### ACTIVITY
Below are records with pictures; copy word for word only the lines between the line with "excavator at construction site" and the line with "Nanlite PavoTube II", inclusive, and drop the pictures.

### RECORDS SHOWN
◆ ◆ ◆ ◆ ◆ ◆ ◆

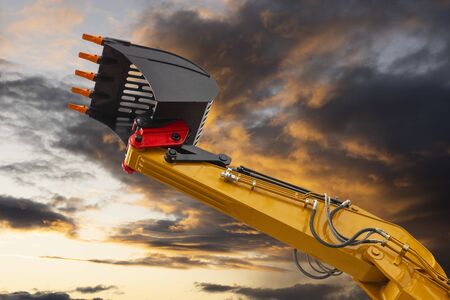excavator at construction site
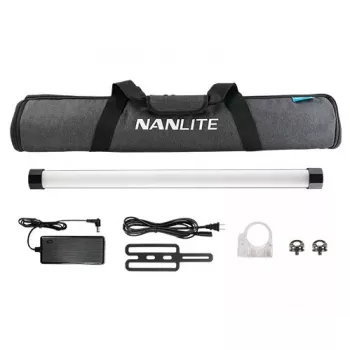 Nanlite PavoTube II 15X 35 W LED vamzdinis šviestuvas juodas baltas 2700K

◆ ◆ ◆ ◆ ◆ ◆ ◆

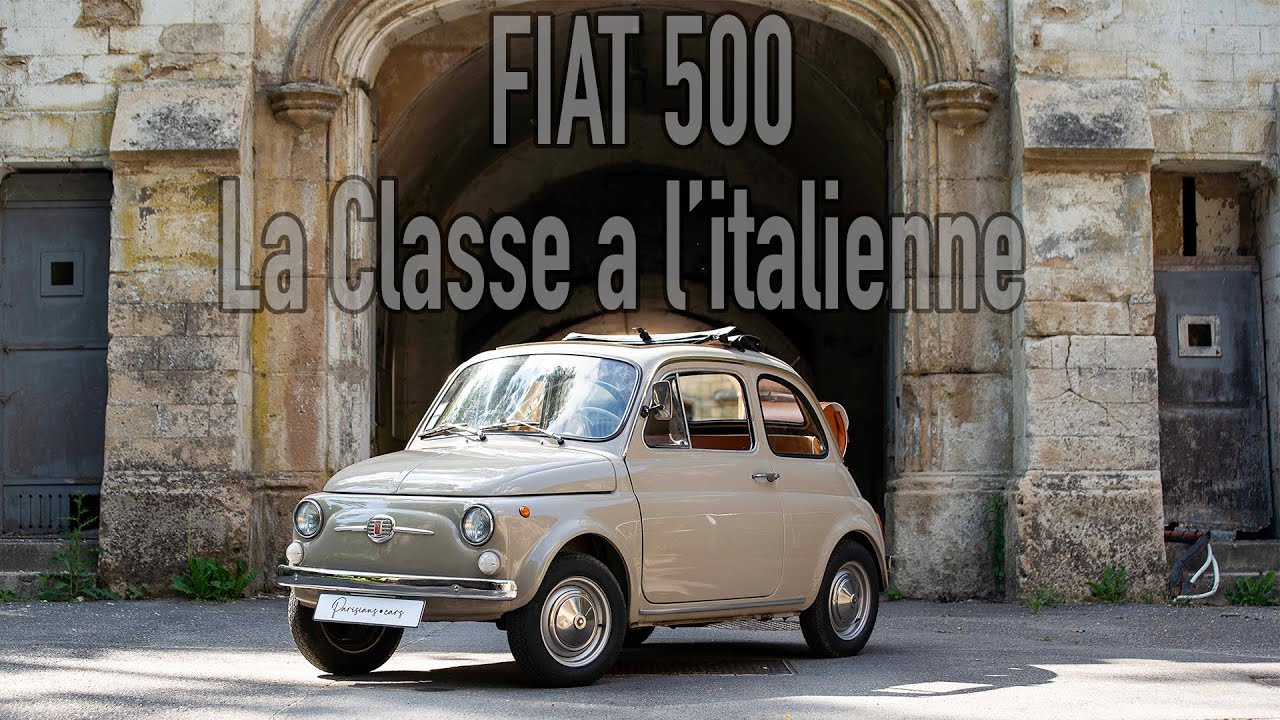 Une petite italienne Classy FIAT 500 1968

◆ ◆ ◆ ◆ ◆ ◆ ◆

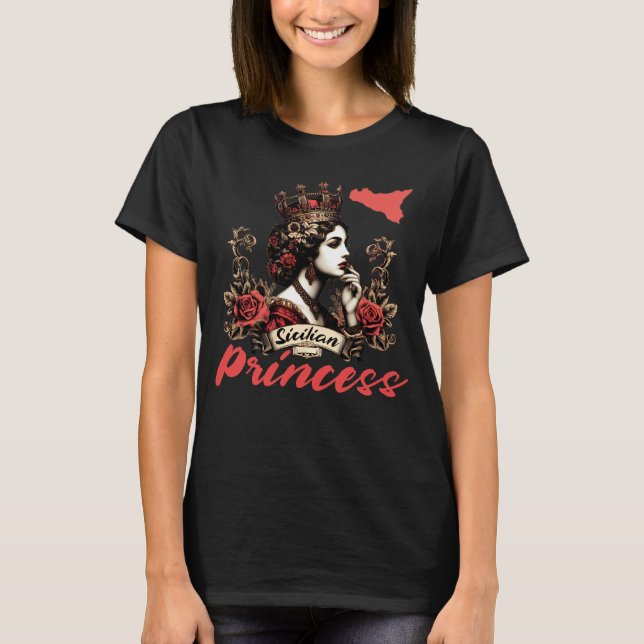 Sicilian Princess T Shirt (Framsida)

◆ ◆ ◆ ◆ ◆ ◆ ◆

### ANSWER FOR THE TASK
excavator at construction site
 Nanlite PavoTube II 15X 35 W LED vamzdinis šviestuvas juodas baltas 2700K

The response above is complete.